Reviewing the action under the business judgment standard, the Delaware Court of Chancery dismissed the plaintiffs’ lawsuit.[xiii]

Delaware Supreme Court Decision

In the appeal, the Delaware Supreme Court first analyzed whether the MFW framework applies to a controlling stockholder transaction outside of the context of a squeeze-out merger.  The defendant alleged that while both a well-functioning special committee and a “majority of the minority vote” were required in a squeeze-out merger, in other types of conflict transactions, either a well-functioning special committee or a “majority of the minority vote” should suffice to lower the standard of review from entire fairness to business judgment.[xiv]  Following a thorough review of case law, the Delaware Supreme Court affirmed that in all cases of a conflict transaction where a controlling stockholder stands on both sides of a transaction and receives a non-ratable benefit, the default standard review is entire fairness unless both a well-functioning special committee and a “majority of the minority vote” were present.[xv]

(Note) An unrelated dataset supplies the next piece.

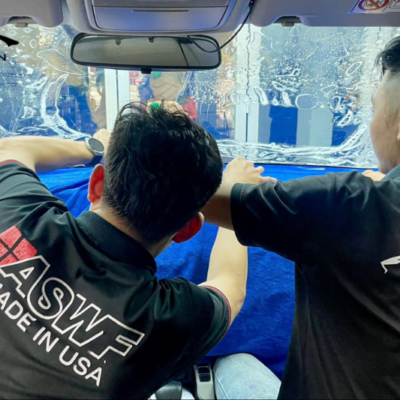 ky thuat vien thi cong dan phim cach nhiet cho kinh lai xe hoi 1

Next, the Delaware Supreme Court addressed the question of whether each member of the special committee is required to be independent from the controller.  Disagreeing with the Court of Chancery’s holding that only a majority of the special committee must be independent, the Delaware Supreme Court pointed out that the controlling stockholder’s influence would not be “disabled” when the special committee included member(s) loyal to the controlling stockholder.[xvi]  Therefore, for the business judgment standard to apply, each member of the special committee must be independent of the controlling stockholder.[xvii]

Practical Takeaways

The Delaware Supreme Court’s affirmation that the MFW framework applies not only to squeeze-out mergers but also to other corporate transactions where the controlling stockholder stands on both sides of the transaction and receives a non-ratable benefit will provide certainty to dealmakers in structuring an MFW-compliant transaction.

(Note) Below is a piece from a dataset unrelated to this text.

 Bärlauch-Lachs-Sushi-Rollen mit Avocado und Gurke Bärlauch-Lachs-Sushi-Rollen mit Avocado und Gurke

However, whether a transaction can benefit from the business judgment rule as a result of applying the MFW framework will now depend on whether each of the special committee members is independent.  Delaware courts have indicated that certain friendships can call a director’s independence from the controlling stockholder into question, including serving as each other’s maid of honor, being each other’s college roommates, and sharing a family beach house for a decade.[xviii]

Therefore, for the independence of a special committee to withstand the attack of plaintiffs, thorough inquiry should be made of each special committee member’s past business, social and other relationships with the controlling stockholder.  Erring on the side of prudence in assessing potential director conflicts would be well advised given what is at stake and the Delaware courts’ reluctance to weigh the risks of the director serving on the committee against the rewards in this context.

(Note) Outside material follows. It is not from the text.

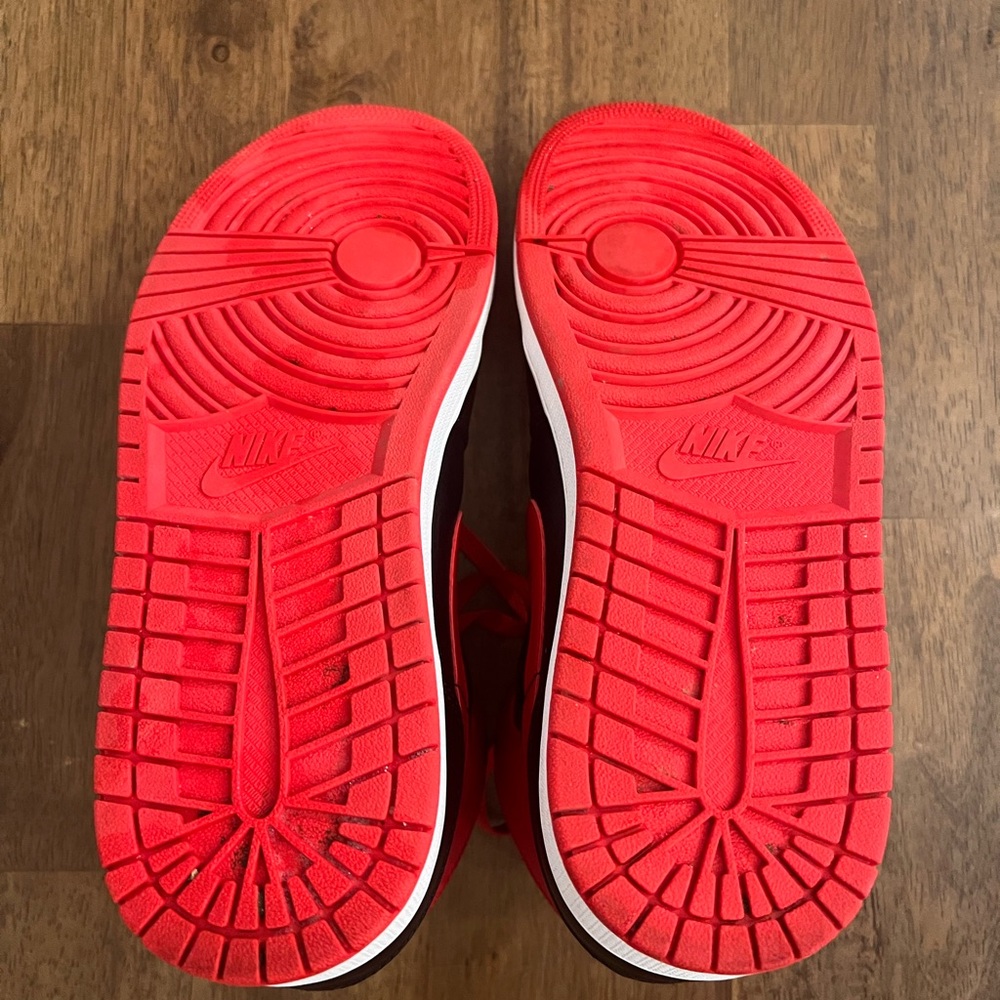 Air Jordan 1 Mid Black & Red | Men’s 11 - Picture 6 of 8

[i] In re Match Grp., Inc. Derivative Litig., No. 2020-0505, 2024 WL 1449815 (Del. Apr. 4, 2024).

[ii] Id. at *2.

[iii] Id. at *2–3.

[iv] Id. at *2.

[v] Id. at *18.

[vi] In re Match Grp., Inc. Derivative Litig., No. 2020-0505-MTZ, 2022 WL 3970159, at *19 (Del. Ch. May 4, 2022).

[vii] In re Match Grp., 2024 WL 1449815, at *3.

[viii] In re Match Grp., 2022 WL 3970159, at *8.

[ix] Id. at *33.

[x] Id. at *19.

[xi] Id.

[xii] Id. at *19–21.

[xiii] Id. at *33.

[xiv] In re Match Grp., 2024 WL 1449815, at *10.

[xv] Id. at *11–13.

[xvi] Id. at *19.

[xvii] Id.

[xviii] See In re MFW S’holders Litig., 67 A.3d 496, 509 n.37 (Del. Ch. 2013).